E qual não é família que guarda segredos? Luzia é encontrada morta, afogada na piscina. Tudo parece tratar-se de um acidente, mas o facto de as circunstâncias da morte se assemelharem à da sua avó, morta há mais de 40 anos vem aguçar a suspeita. Será que a jovem foi mesmo vítima de um acidente ou assassinada?
Daniel Vilar, já que conhecemos do anterior livro, é chamado ao local. Com a ajuda do caricato colega Juvenal Caramelo, que conhece a serra como ninguém, espera solucionar o caso rapidamente já que não há, aparentemente, nada de suspeito.

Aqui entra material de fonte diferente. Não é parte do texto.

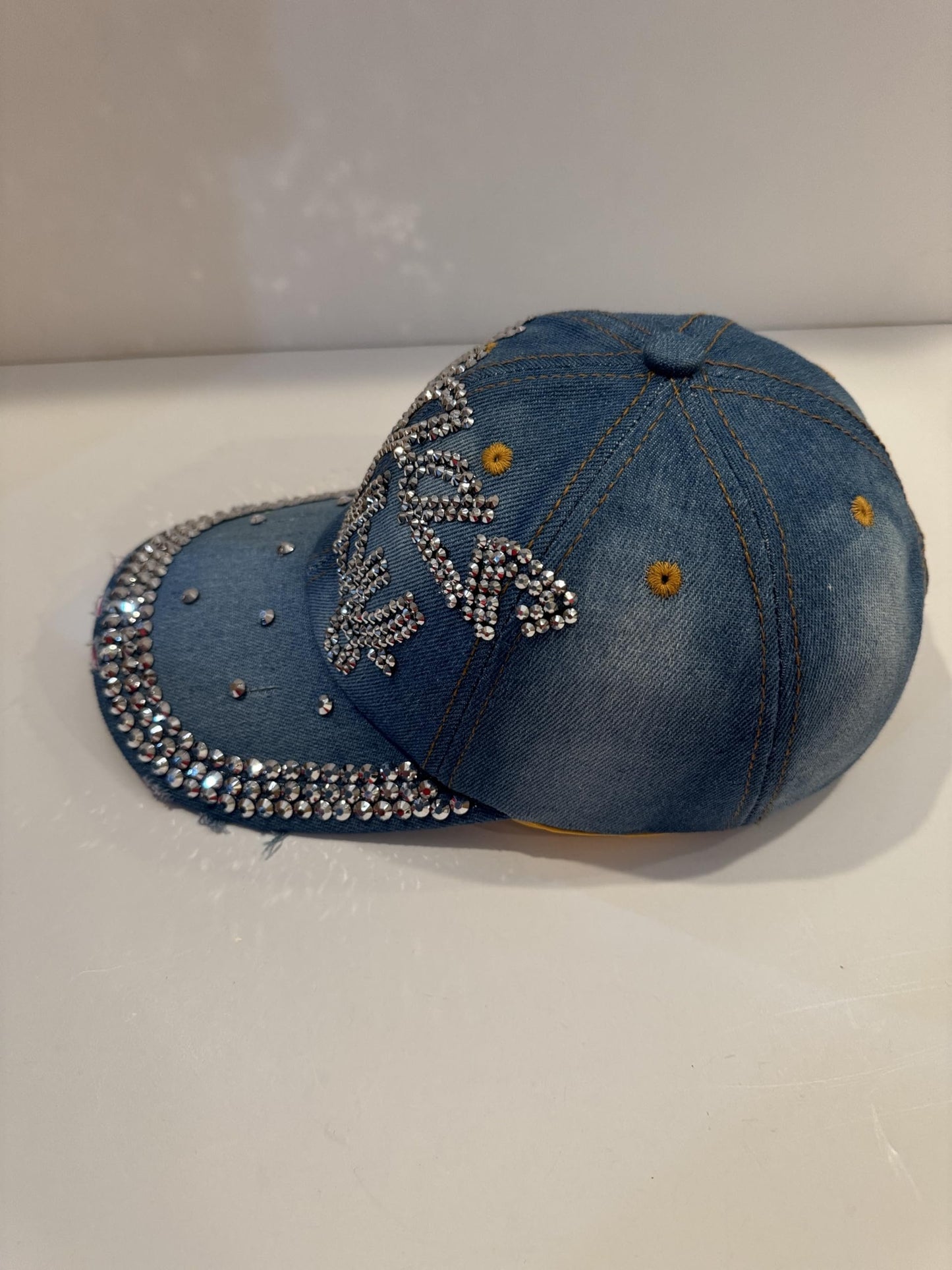 Vegas Baby Rhinestone Trucker Hat - Bling Blue Las Vegas Denim Cap for Women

No entanto, as molduras ao contrário dentro de casa, à semelhança do que aconteceu aquando da morte da avó da vítima intrigam os investigadores que começam a levantar tudo o que seja segredos daquela família abastada.
A par da investigação, o autor junta sempre pedaços da história o que torna os seus livros muito interessantes. Se no primeiro tratou do incêndio no Chiado como acima referi, neste centra-se nas crianças refugiadas vindas de todos os cantos da Europa que estava em conflito na Segunda Guerra Mundial. Filhos de judeus que foram mandados para os campos de concentração e que conseguiram fugir para serem acolhidos por famílias que tomaram conta deles até a sua própria família os vir buscar, caso não morressem antes.
Como é esperado este não é um livro de leitura desenfreada. Mas também não é isso que se quer de um livro que explora também pedaços da nossa história, que até não são muito retratados em livro. Coloca a narrativa principal para segundo plano e mesmo assim não desilude.